# Here kitty-kitty



## goooner (Jul 25, 2016)

As Old Hippy would say, along my path yesterday... This young cat just wanted to be rubbed, walked up to us and started rubbing up against me.


----------



## limr (Jul 25, 2016)

Gorgeous little sweetie! And I love the shot, too.


----------



## tirediron (Jul 25, 2016)

That should get an 'Awwwww' from Limr!


----------



## goooner (Jul 25, 2016)

limr said:


> Gorgeous little sweetie! And I love the shot, too.

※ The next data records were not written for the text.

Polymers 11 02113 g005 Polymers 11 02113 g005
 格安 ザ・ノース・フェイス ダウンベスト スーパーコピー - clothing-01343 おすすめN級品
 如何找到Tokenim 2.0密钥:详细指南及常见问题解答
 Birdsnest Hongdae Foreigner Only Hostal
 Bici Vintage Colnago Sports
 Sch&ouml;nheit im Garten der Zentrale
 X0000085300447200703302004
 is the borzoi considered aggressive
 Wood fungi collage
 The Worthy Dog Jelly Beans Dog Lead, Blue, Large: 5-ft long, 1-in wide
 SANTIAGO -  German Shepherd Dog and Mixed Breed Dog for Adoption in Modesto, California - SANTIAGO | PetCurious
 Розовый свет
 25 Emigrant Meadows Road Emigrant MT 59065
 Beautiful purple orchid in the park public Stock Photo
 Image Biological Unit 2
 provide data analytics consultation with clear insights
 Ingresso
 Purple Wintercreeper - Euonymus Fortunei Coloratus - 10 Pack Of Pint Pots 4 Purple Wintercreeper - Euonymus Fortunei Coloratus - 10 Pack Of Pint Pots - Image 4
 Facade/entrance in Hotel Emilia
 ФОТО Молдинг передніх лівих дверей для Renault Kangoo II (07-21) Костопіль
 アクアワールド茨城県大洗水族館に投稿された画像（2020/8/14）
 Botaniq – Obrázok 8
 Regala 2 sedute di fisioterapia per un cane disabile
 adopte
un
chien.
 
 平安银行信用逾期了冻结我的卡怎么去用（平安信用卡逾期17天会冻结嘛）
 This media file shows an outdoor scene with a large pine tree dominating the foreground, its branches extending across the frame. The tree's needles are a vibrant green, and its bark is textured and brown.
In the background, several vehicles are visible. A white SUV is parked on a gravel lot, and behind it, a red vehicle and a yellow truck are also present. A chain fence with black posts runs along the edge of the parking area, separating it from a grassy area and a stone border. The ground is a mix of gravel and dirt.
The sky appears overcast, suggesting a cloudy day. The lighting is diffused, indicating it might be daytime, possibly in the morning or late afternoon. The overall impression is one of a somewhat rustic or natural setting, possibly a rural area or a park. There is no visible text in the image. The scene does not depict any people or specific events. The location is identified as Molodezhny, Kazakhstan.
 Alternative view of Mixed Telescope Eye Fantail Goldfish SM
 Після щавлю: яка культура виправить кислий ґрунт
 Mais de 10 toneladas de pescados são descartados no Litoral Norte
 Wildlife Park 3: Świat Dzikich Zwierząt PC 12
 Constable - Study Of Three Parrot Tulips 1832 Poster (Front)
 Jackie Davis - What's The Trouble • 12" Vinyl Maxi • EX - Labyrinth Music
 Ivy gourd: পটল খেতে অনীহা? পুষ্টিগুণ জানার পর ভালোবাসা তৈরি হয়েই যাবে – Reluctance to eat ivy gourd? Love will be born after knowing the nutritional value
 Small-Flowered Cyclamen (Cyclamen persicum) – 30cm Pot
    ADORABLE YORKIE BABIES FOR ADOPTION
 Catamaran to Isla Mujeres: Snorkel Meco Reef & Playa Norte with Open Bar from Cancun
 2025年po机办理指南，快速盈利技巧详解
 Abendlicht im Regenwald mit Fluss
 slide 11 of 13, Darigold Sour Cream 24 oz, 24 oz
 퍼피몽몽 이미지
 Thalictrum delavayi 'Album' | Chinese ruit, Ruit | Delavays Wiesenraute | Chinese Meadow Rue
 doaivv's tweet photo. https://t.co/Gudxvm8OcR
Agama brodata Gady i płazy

Yes, was a beautiful young cat. Pity I'm not in her area more often. We were packing the car ready to leave, and I just grabbed the camera. Thought F4 might be a tad thin at this range, but it worked out ok. 



tirediron said:


> That should get an 'Awwwww' from Limr!


Close-lol


----------



## tirediron (Jul 25, 2016)

tirediron said:


> That should get an 'Awwwww' from Limr!


Well... I blew that one!


----------



## jcdeboever (Jul 25, 2016)

Great shot. Wonderful color and clarity. Those eyes are cool as heck.


----------



## goooner (Jul 25, 2016)

jcdeboever said:


> Great shot. Wonderful color and clarity. Those eyes are cool as heck.


Thank you, sir.


----------



## annamaria (Jul 27, 2016)

Like the shot cute kitty. 


Sent from my iPad using Tapatalk


----------



## goooner (Jul 27, 2016)

annamaria said:


> Like the shot cute kitty.
> 
> 
> Sent from my iPad using Tapatalk


Thank you.


----------



## ZombiesniperJr (Jul 27, 2016)

Nice shot


----------



## goooner (Jul 28, 2016)

Thank you


----------



## FITBMX (Jul 30, 2016)

Now that's a cutey!


----------



## goooner (Jul 31, 2016)

FITBMX said:


> Now that's a cutey!


Definitely is.


----------



## Woodsman (Aug 6, 2016)

That a cutie


----------



## goooner (Aug 7, 2016)

Thanks


----------